The Monk and the Infamous Inle Lake: Nyaungshwe, Myanmar (Part II)

*This post is a part of a series. Click on the link to read more of the story. – The Monk and the Infamous Inle Lake: Nyaungshwe, Myanmar (Part I)

We had read from the guidebook (the Lonely Planet Myanmar to be exact, but the updated guidebook is here if you need it.) that it was easy to rent and ride bicycles just out of town to visit Khaung Daing Hot Springs. Right next door to our hotel, there was a small bicycle rental/restaurant that we rented from. For just 1000 kyat each, (which equated to a little over US$1 per person) we could rent the bicycles for the rest of the day. We gladly accepted the price and we headed out on our journey to a  local hot spring that we had read about.

The road leading to the springs passed rice patties, monasteries, and buddhist temples along the way. The road (along with many others in Myanmar) was currently being paved by streams of workers, which made for a bumpy, slightly uphill, ride.

We had decided to stop at a couple of temples along the way, as well as a small food stand. After having an amazing lunch at the roadside restaurant, we continued on to the springs, only to become sorely disappointed. The cost was US$10 per person and the concierge had allowed us to take a quick look at the springs. Upon inspection, we discovered that they were simply man-made pools surrounded by tourists (willing to pay the $10 for a dip).

We decided that we would pass on it, due to our travel budget. After our failed attempt to dip into some springs, we decided to head back to town. Thankfully, it’s all downhill from there!

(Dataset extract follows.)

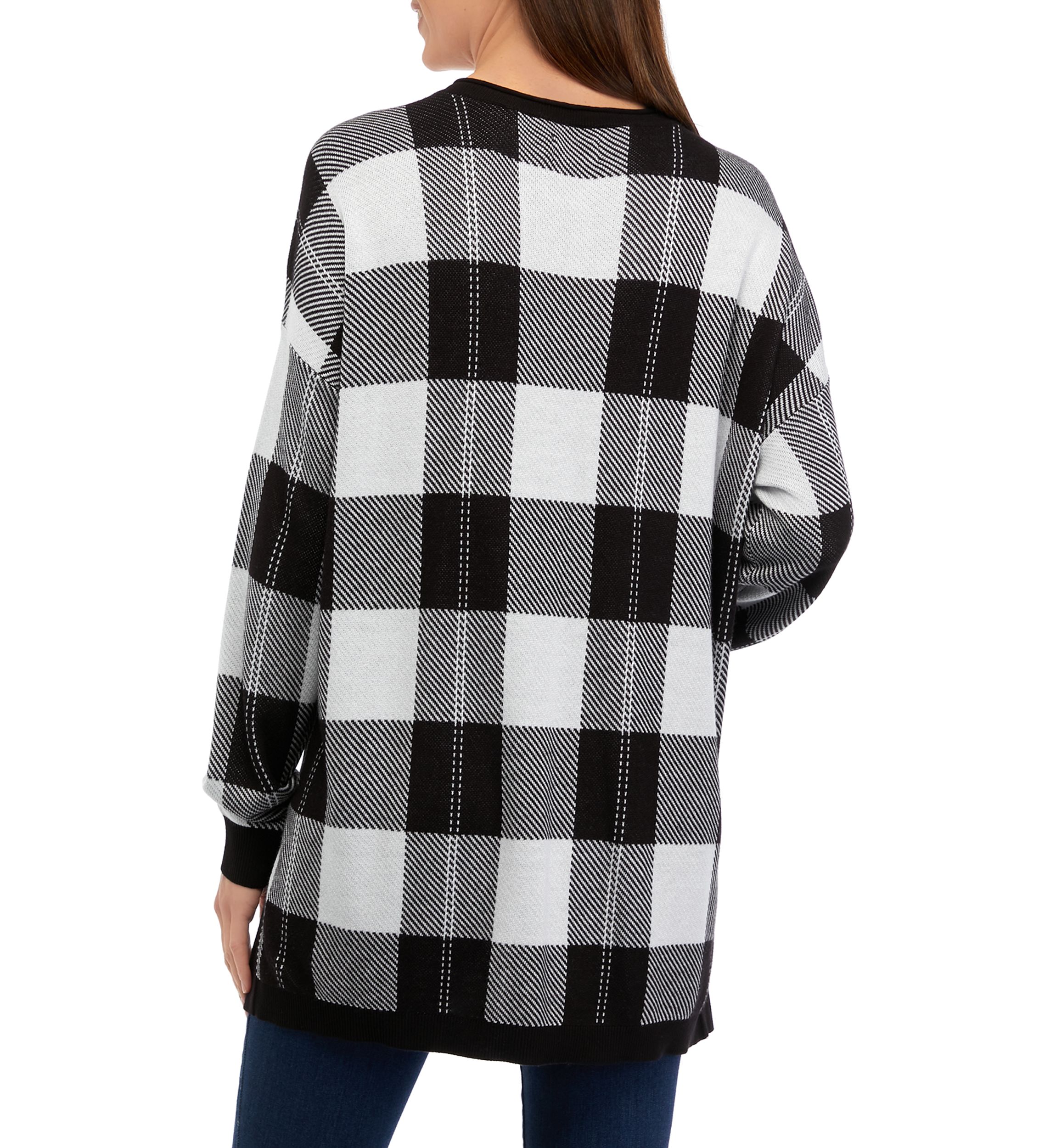 Womens Long Sleeve V-Neck Pullover Jacquard Sweater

An avocado drink at the roadside restaurant. Yummers!
An avocado drink at the roadside restaurant. Yummers!
One of the temples we passed along the way to the springs.
One of the temples we passed along the way to the springs.

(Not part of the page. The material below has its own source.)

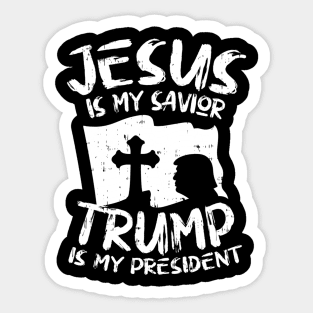 Jesus My Savior Trump President US Flag Cross Christian 2020 Sticker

Back on the road, we had made the decision to take a closer look at one of the monasteries we had passed earlier along the way. Watch the video of part of our bike ride to the monastery here. It had seemed empty, and we approached it assuming we were going to be openly trespassing. We peeked in the front door and saw that there was a pair of flip-flops at the bottom of the stairwell.

Curiosity led us inside, and out of nowhere, a man appeared and asked ‘You want?’ We replied that we were just looking around. He then gestured for us to wait at the door. After a few minutes passed, an old monk appeared, saying ‘Hello, welcome! Please come in!’ Arianna and I looked at each other and knew that this was going to be an interesting experience. We walked into a large room where a display of all types of buddhist statues and shrines were placed. The old monk came out with a plate of local bananas, and kindly handed them to us.

The road leading up to the monastery.
The road leading up to the monastery.
The lone pair of sandals at the base of the stairs.
The lone pair of sandals at the base of the stairs.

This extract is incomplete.